Thanks everyone for the feedback around our mechanism. Are the
performance benefits of implementing a syscall to wait on a single futex
significant enough to maintain it instead of just using
`sys_futex_waitv()` with `nr_waiters = 1`? If we join both cases in a
single interface, we may even add a new member for NUMA hint in `struct
futex_wait`.

>>>>> For NUMA I propose that when NUMA_FLAG is set, uaddr-4 will be 'int
>>>>> node_id', with the following semantics:
>>>>>
>>>>>  - on WAIT, node_id is read and when 0 <= node_id <= nr_nodes, is
>>>>>    directly used to index into per-node hash-tables.

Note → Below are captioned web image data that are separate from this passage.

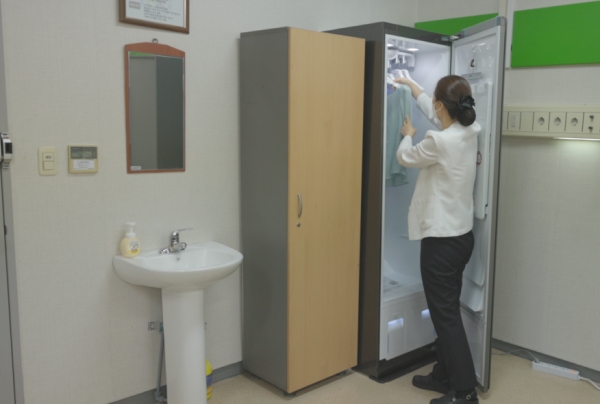 경기도 오산한국병원에 설치된 'LG 트롬 스타일러 블랙에디션2'를 의료진이 사용하는 장면. 사진제공=LG전자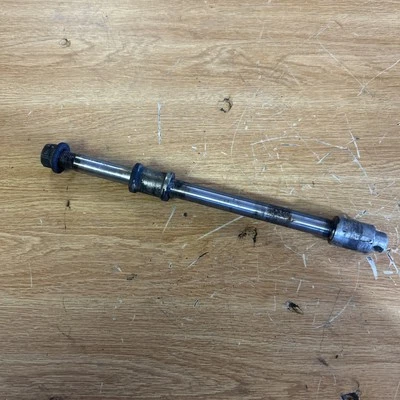 Honda Shadow VT500 1985 eje de rueda trasera Foto 1 de 4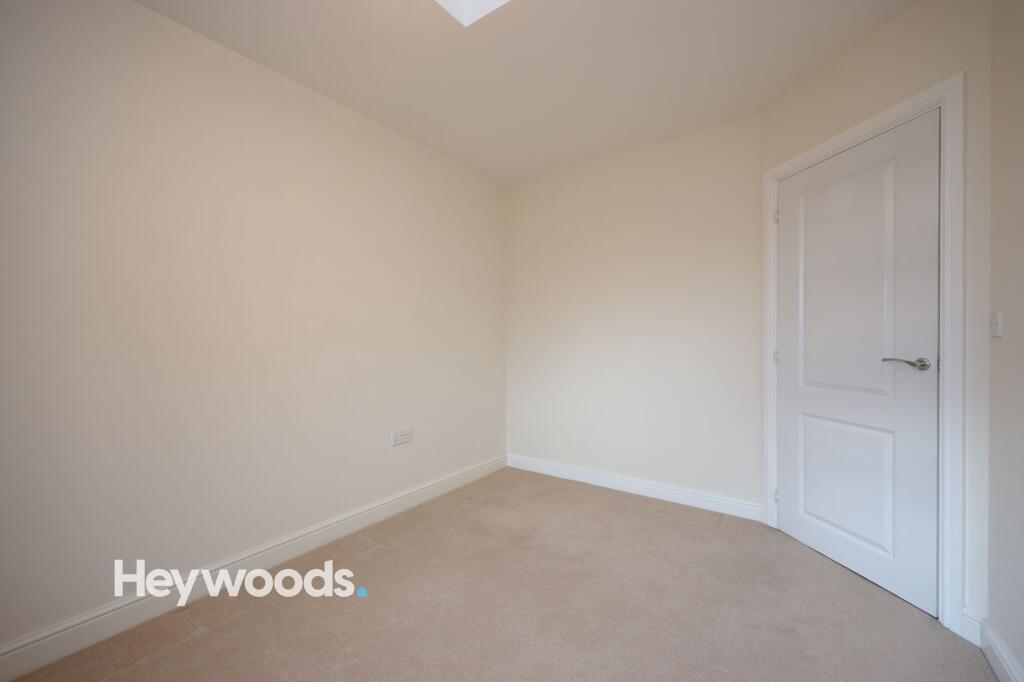 Matilda Grove, Newcastle, ST5 photo 2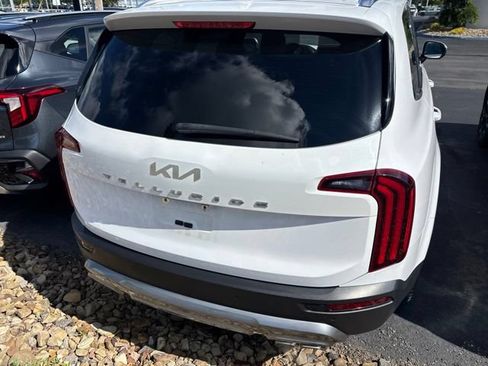 Used 2022 Kia Telluride EX w/ EX Premium Package FWD image 5
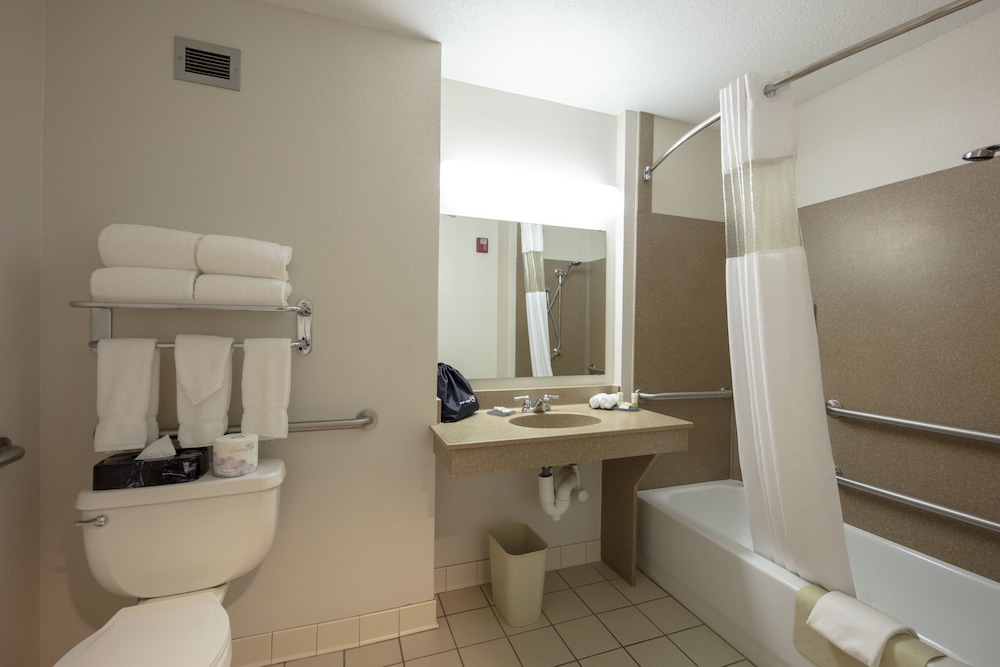 La Quinta Inn Suites Springfield Airport Plaza 31/61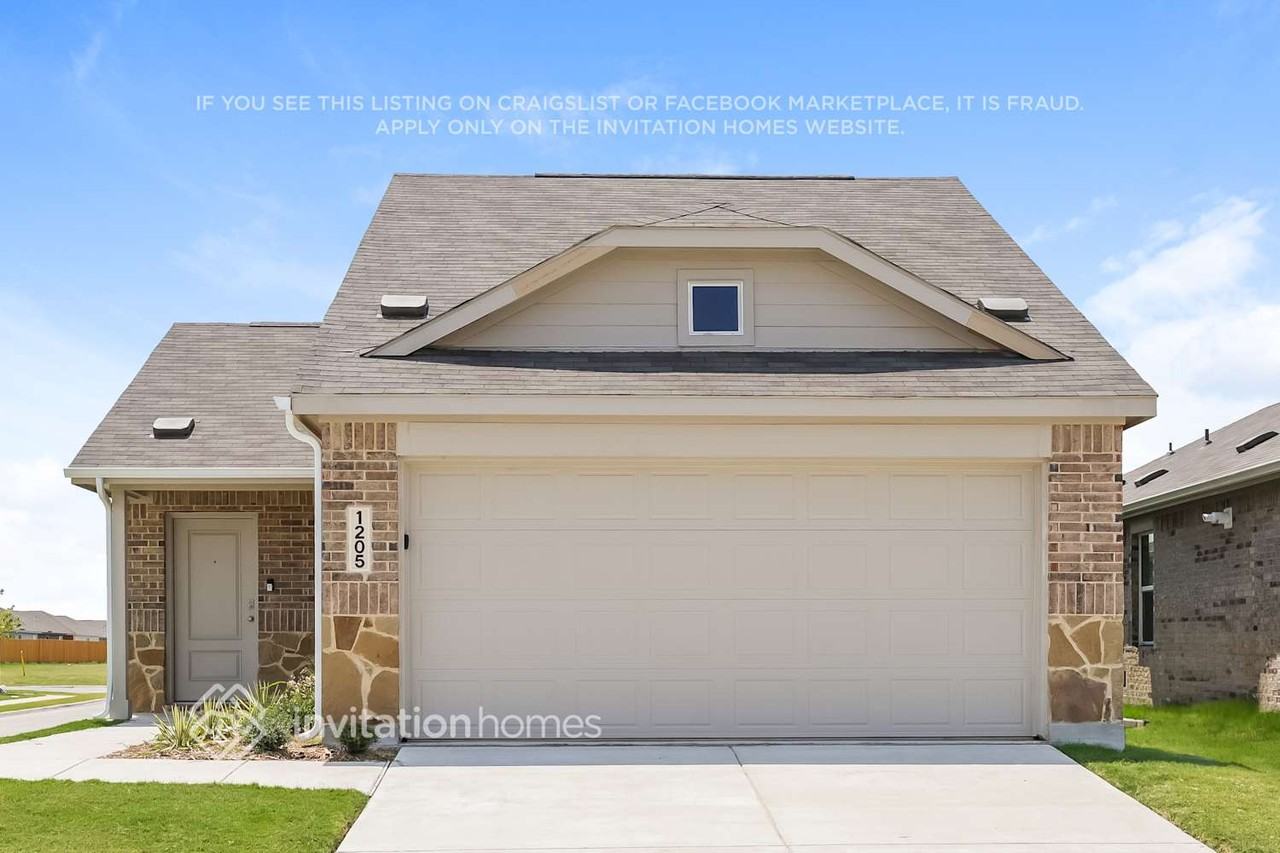 1205 Canyon Wren Dr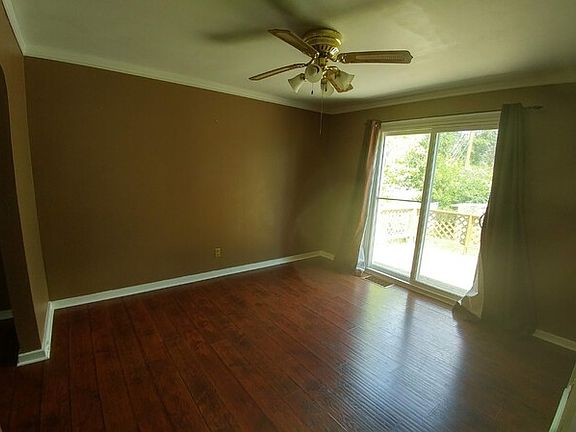 3rd image of 10539 136th St NW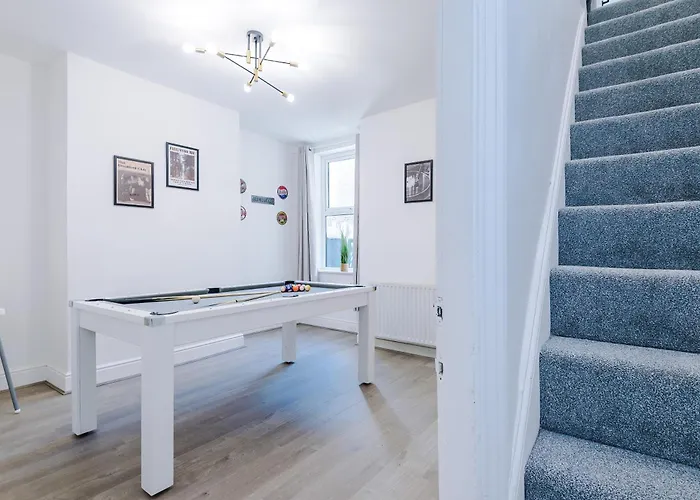 Hébergement de vacances Stunning In Salford With Free Parking, Office, Pool & Ping Pong Table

When -1, it is
>>>>>    replaced by the current node_id and an smp_mb() is issued before we
>>>>>    load and compare the @uaddr.
>>>>>
>>>>>  - on WAKE/REQUEUE, it is an immediate index.
>>>>
>>>> Does this mean the first waiter determines the NUMA index, and all
>>>> future waiters use the same chain even if they are on different nodes?
>>>
>>> Every new waiter could (re)set node_id, after all, when its not actually
>>> waiting, nobody cares what's in that field.
>>>
>>>> I think documenting this as a node index would be a mistake.  It could
>>>> be an arbitrary hint for locating the corresponding kernel data
>>>> structures.
>>>
>>> Nah, it allows explicit placement, after all, we have set_mempolicy()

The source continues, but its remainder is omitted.